The Future of Sexual Addiction as a Diagnosis
Despite the APA’s current unwillingness to accept sexual addiction as a very real and devastating disorder, other organizations, most notably the American Society of Addiction Medicine, have opted for a much more forward-thinking stance. ASAM writes:
Addiction is a primary, chronic disease of brain reward, motivation, memory and related circuitry. Dysfunction in these circuits leads to characteristic biological, psychological, social and spiritual manifestations. This is reflected in an individual pathologically pursuing reward and/or relief by substance use and other behaviors. [Emphasis added.] Addiction is characterized by inability to consistently abstain, impairment in behavioral control, craving, diminished recognition of significant problems with one’s behaviors and interpersonal relationships, and a dysfunctional emotional response.

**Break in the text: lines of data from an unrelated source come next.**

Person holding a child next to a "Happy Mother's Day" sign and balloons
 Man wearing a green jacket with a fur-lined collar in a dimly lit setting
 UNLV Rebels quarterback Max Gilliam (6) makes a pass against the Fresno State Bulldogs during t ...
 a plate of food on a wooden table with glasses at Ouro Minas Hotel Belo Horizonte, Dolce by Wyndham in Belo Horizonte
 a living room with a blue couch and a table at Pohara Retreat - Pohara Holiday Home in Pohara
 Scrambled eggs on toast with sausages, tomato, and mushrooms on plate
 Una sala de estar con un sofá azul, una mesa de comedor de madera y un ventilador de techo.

The studies discussed above, in particular the recent fMRI study, are significant proof that ASAM has it right when it comes to process (behavioral) addictions, recognizing that process addictions are in most respects no different than substance use disorders. Additionally, the World Health Organization, publishers of the ICD-10 (the international version of the DSM-5), has long recognized hypersexuality as a disorder with its Excessive Sexual Drive diagnosis. However, the ICD-10 is not the favored diagnostic manual in the United States, the DSM-5 is.
So will the APA leap forward when they make their first set of addendums to the DSM-5, legitimizing sexual addiction? Probably not. But even they won’t be able to hold out forever. In fact, Dr. Richard Krueger of Columbia University, who served on the physician committee that considered and ultimately rejected Hypersexual Disorder for inclusion in the DSM-5, recently told ABC News that the Cambridge fMRI research is a “seminal study” supporting the notion that sexual addiction is indeed an identifiable and diagnosable disorder.
Eventually, it seems, the APA will be forced to accept the mounting proof that sexual addiction is a real, debilitating, diagnosable, and treatable disorder. Until that time, of course, nothing much changes; meaning clinicians who diagnose and treat sexual addiction will continue to do so in the ways they know best, with or without APA recognition.